What's going on? Well, the recession for one. Similarly to what happened in the dot-com bust of 2001, when the going got rough, the pink slips flowed (telecom alone lost 300,000 jobs in the dot-com bust). As the economy improved, jobs return and life is good again.
Except this time it's different. Instead of hiring back employees, companies are investing in productivity enhancements - tools and processes designed to displace labor. I recently spoke with Erik Brynjolfsson, the author of "Second Machine Age", He noted that Apple Computers recently opened a plant in Austin TX not because labor is cheap, but because labor is irrelevant.
But here's the real challenge - the silent killer of giants. The older legacy providers have embedded business at the old rates. And the new kids on the block are aggressively poaching their business - they smell blood in the water. Think about it: suppose IBM or HP struck a 10-year deal in 2007. At the very least, the underlying labor-related rates are 80% out of market. At no time in my memory have incumbents been more vulnerable.
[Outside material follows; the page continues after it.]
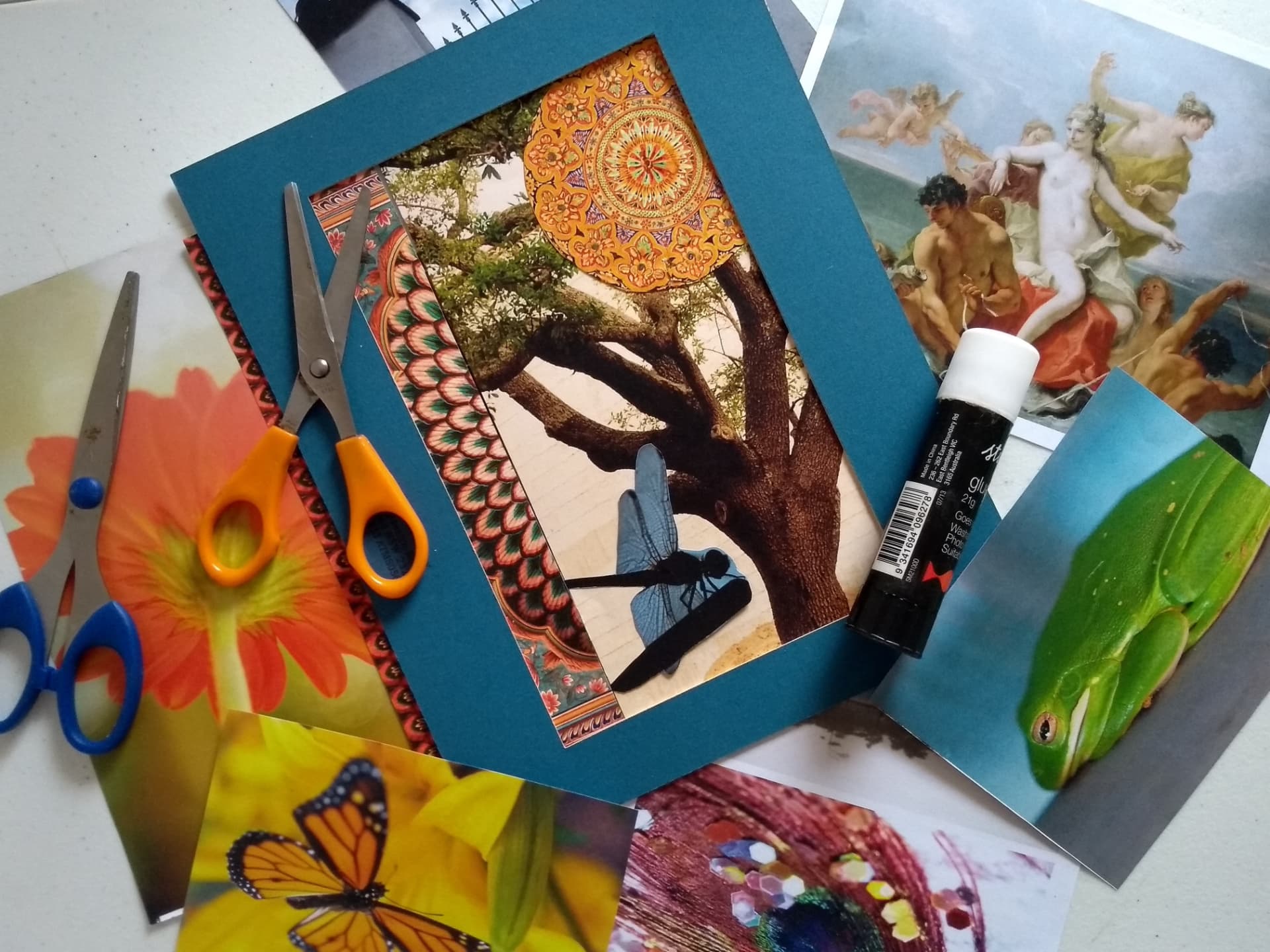 Tesouras, recortes de revistas e uma carta de colagem sobre a mesa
The bottom? If telecommunications rates are any guide, they will bottom out in about 5-years. A managed router that was $225/month in 2009 is well under $100/month today (under $50/month for very large customers). There is likely another 50% cost take-out in the next 3-4 years. Which is why it's important to (a) go to market to understand the costs; and (b) remain flexible to avoid being locked into a rate that rapidly becomes stale.